Matthew Stewart blows the lid off the MBA; he suggests a degree in philosophy might be more useful (and insightful).
The strange thing about my utter lack of education in management was that it didn’t seem to matter. As a principal and founding partner of a consulting firm that eventually grew to 600 employees, I interviewed, hired, and worked alongside hundreds of business-school graduates, and the impression I formed of the M.B.A. experience was that it involved taking two years out of your life and going deeply into debt, all for the sake of learning how to keep a straight face while using phrases like “out-of-the-box thinking,” “win-win situation,” and “core competencies.”
He’s not a big fan of Taylorism or any of its successors, either.
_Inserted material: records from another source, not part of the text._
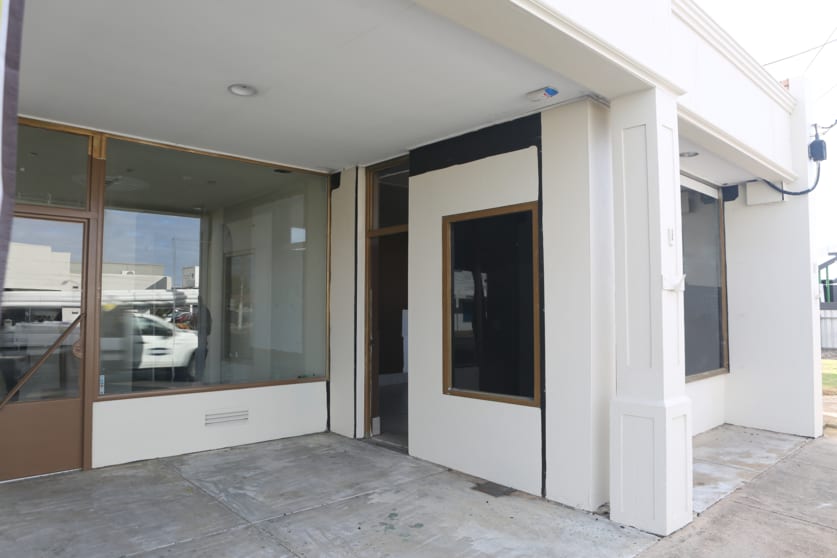 Click to view all images 2/245 Grange Road Findon SA 5023 - Image 2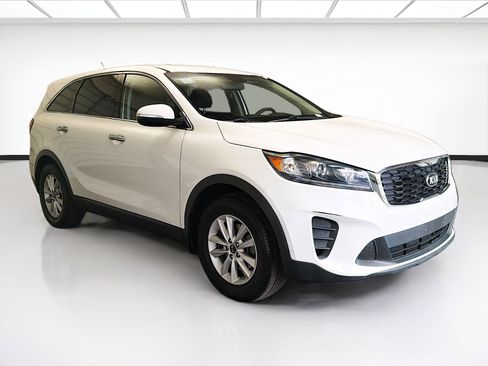 Used 2020 Kia Sorento LX FWD image 3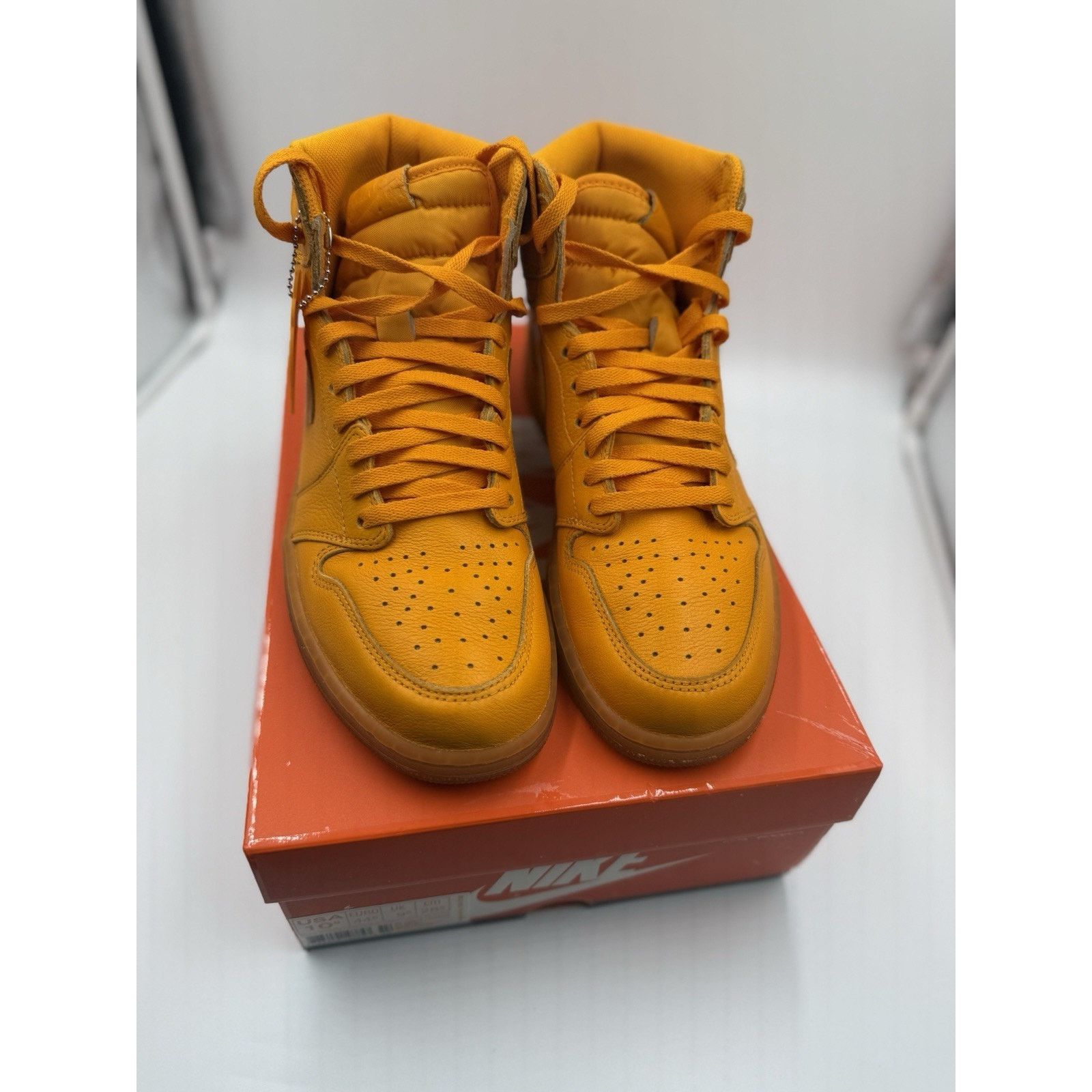 Jordan Brand Size 10.5 - Air Jordan 1 Retro OG Gatorade High Orange Peel Size US 10.5 / EU 43-44 - 2 Thumbnail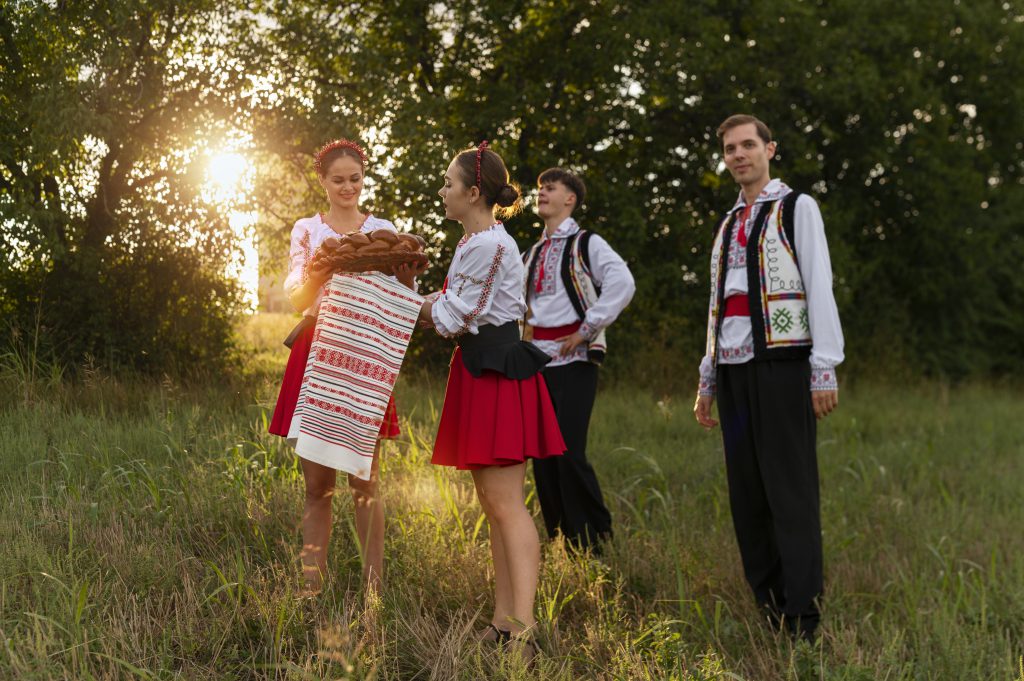 ujęcie osób tańczących w góralskich strojach- spodnie góralskie męskie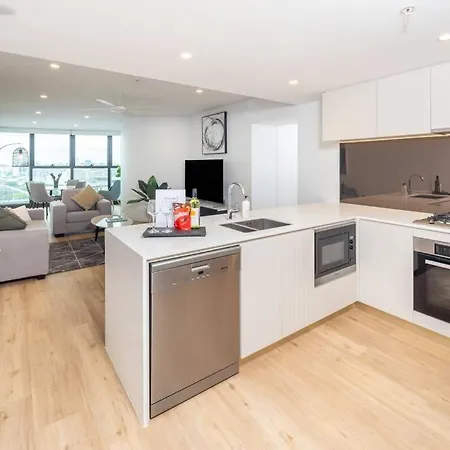 1404 Sophistication And Luxury On The River By Stylish
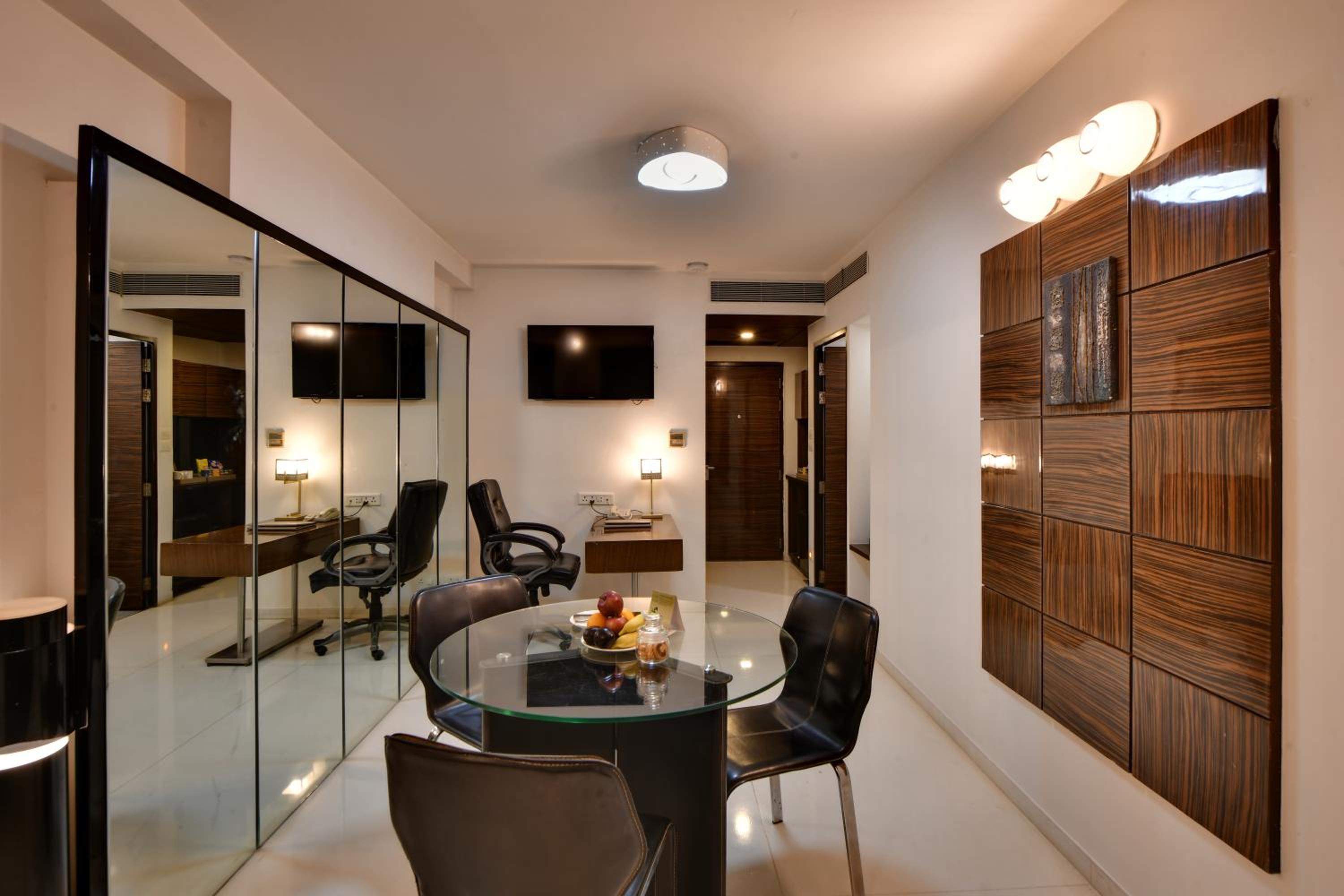 Hazel Suite - Photo 2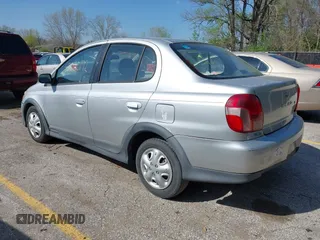2000 Toyota ECHO z VIN JTDBT1239Y0085753, wystawiony jako IAAI lot #42020192 z przebiegiem 198 018 mil mil oraz . Historia ofert i sprzedaży dostępna na DreamBid. Obrazek 3.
Mayo’s work sheds light on the dark side of the “humanist” tradition in management theory. There is something undeniably creepy about a clipboard-bearing man hovering around a group of factory women, flicking the lights on and off and dishing out candy bars. All of that humanity—as anyone in my old firm could have told you—was just a more subtle form of bureaucratic control. It was a way of harnessing the workers’ sense of identity and well-being to the goals of the organization, an effort to get each worker to participate in an ever more refined form of her own enslavement.
But of course, there IS a purpose to MBA programs. Read the article to find out what.
Update (16 April). David Glenn blows the whistle on B-School in the Chronicle. Cheese it, you guys! Keep writing this kind of stuff, our business is gonna dry up.